Grams had indicated previously that he would have little trouble bypassing the Down Town Allen and waiting for the $50,000 Fancy Buckles Stakes on May 21. Grams owned and trained Fancy Buckles and Moonlit Song won the one-turn stakes race last year at age three.
“I wanted to run her here and see if she could handle the track and the local mares,” Robb said, bypassing a possible start in the $100,000 Primonetta Stakes at Laurel that same afternoon. Robb also intimated that he intends to aim Anna’s Bandit for the Cavada over the Charles Town strip later this fall. He had mixed emotions about the late withdrawal of Moonlit Song, but much praise for Perez who has guided her to four straight victories.
“She’s not really a big filly, so I wasn’t that concerned about her going two turns,” Perez said. “She’s got enough early speed to be in the race early. I wanted to sit just behind those two local fillies and then see what she could do going into the far turn. She made the lead easily and then ducked away from the [starting] gate [in the infield] a little bit. But when she got past the gate she really finished up strong. Wherever she goes next, that’s where I’m going to go.”
Several races earlier on the card, Follow the Notion (Jose Montano) displayed his usual late kick when he rallied from well off the early pace and overhauled 3-5 favorite North Atlantic in the final 100 yards to capture the inaugural running of the $35,000 Lucy’s Bob Boy Stakes for state-bred older males. A seven-year-old Great Notion gelding owned, bred and trained by Gary Williams, Jr., Follow the Notion recorded his third straight victory and now owns a solid 8-4-4 slate and nearly $200,000 banked from 26 lifetime tries after getting the seven panels in 1:27.04.

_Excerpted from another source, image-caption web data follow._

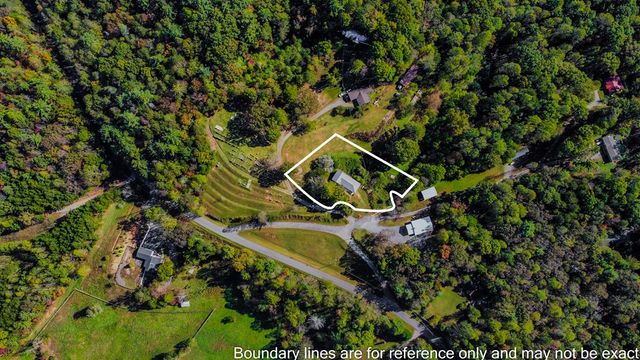 55 Mount Pleasant Drive, Ellijay, GA 30540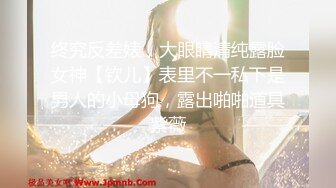 烧烤摊上啤酒喝多了的美女 这尿量哗哗的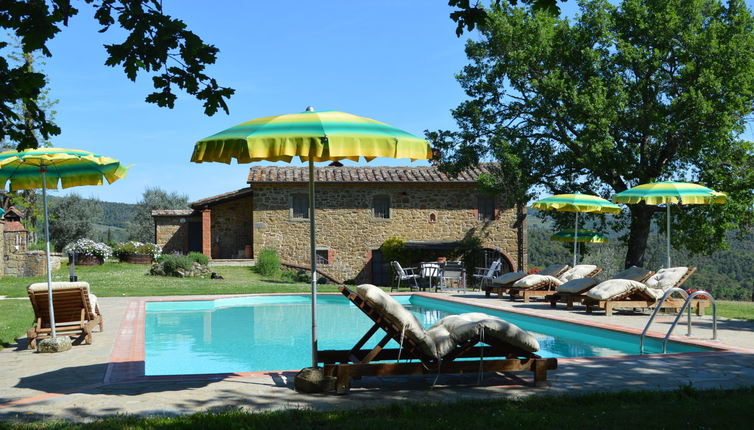 Foto 1 - Casa de 3 habitaciones en Civitella in Val di Chiana con piscina privada y jardín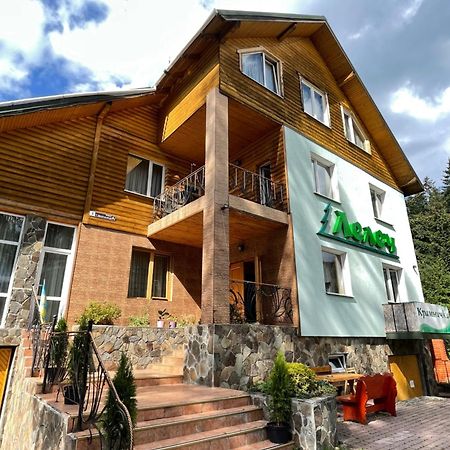 Лелеч Hotell Tatariv Exteriör bild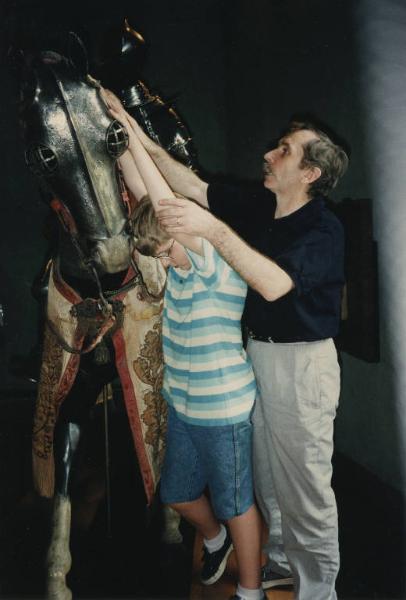 Istituto dei Ciechi di Milano - Aula - Interno - Laboratorio propriocettivo - Bambino tocca una scultura di cavallo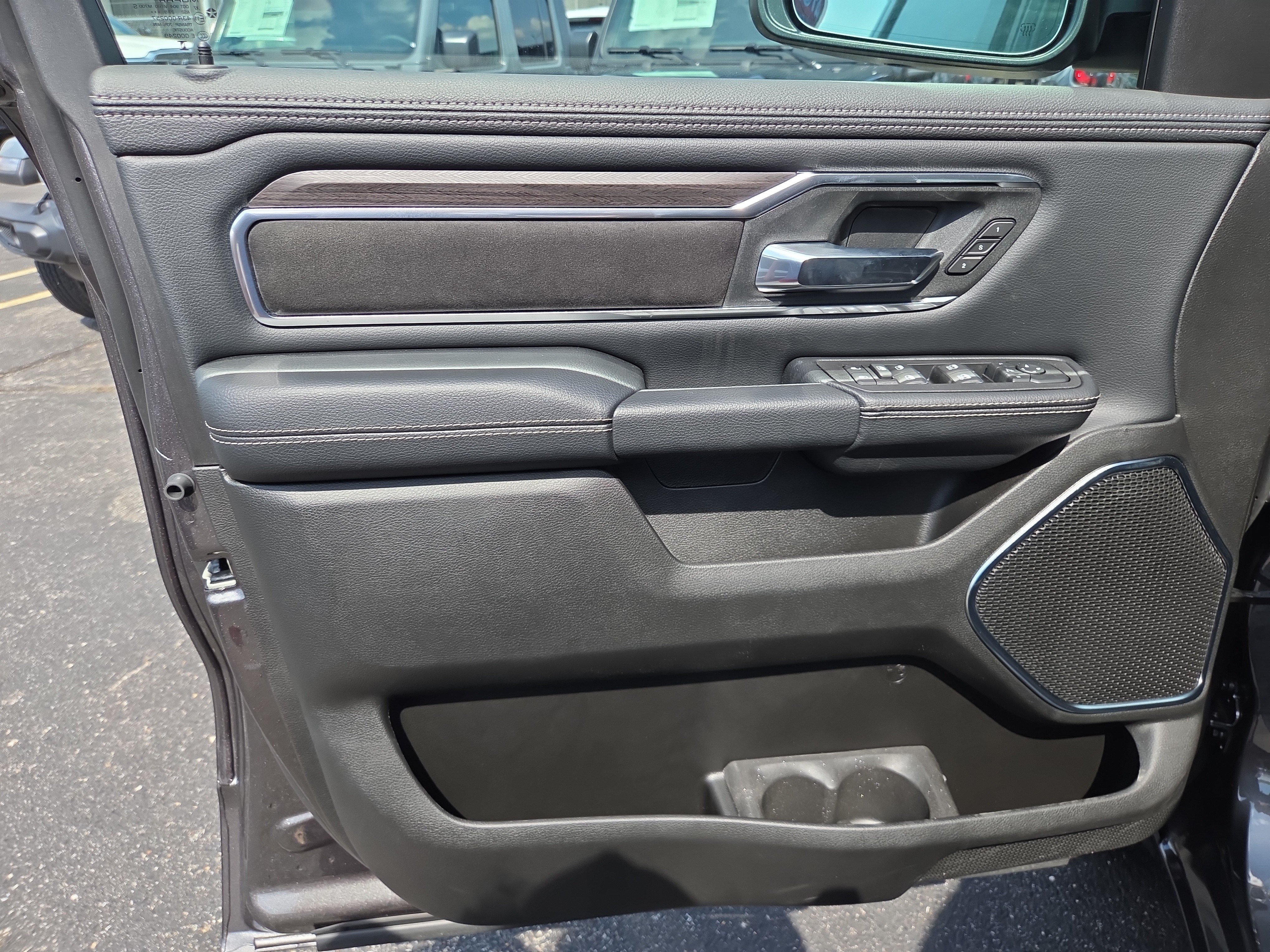 New 2026 RAM 1500 Laramie w/ Laramie Preferred Package RWD image 5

“After the way he raced his last two starts, I didn’t think he could get beat,” Williams said. “He won those last two races so easily. I told anyone that asked they could go to the bank and bet him. He’s even better this year than he was when he won the Onion Juice [in 2016]. His rider wants to skip the Onion Juice this year and go in the Classic again. I asked him if he wanted to pass on a sure $60,000 and he said we should go for the big race in the fall. There’s just not a lot for him until the stakes races later this summer, so I’m not sure where he’ll go next.”
One earlier on the card, Noblame (J.D. Acosta) and 4-5 favorite Late Night Pow Wow (Fredy Peltrouche) virtually staged a match race from the outset and through the far turn and well into the stretch where Noblame finally emerged victorious following the prolonged duel. A sophomore daughter of Blame trained by Joe Sharp for owners Wayne Sanders and Larry Hirsch, Noblame ended a three-race skid by capturing the $50,000-added It’s Binn Too Long Stakes in 53.87 for the 4 12/-furlongs for her second stakes tally and fourth win in seven career outings.
Late Night Pow Wow was a gritty second in her stakes debut and did little harm to her reputation while suffering the first setback in her brief, three-race career. Bound to Windsor (Christian Hiraldo), the talented Casey homebred filly who bested William and Mary last fall in the split West Virginia Futurity, settled for third in her seasonal debut. Last fall she had also upset Noblame in the Triple Crown Nutrition BC then ended the campaign with stakes tallies in the West Virginia Futurity and the Eleanor Casey Memorial, those last three stakes scores going two turns here.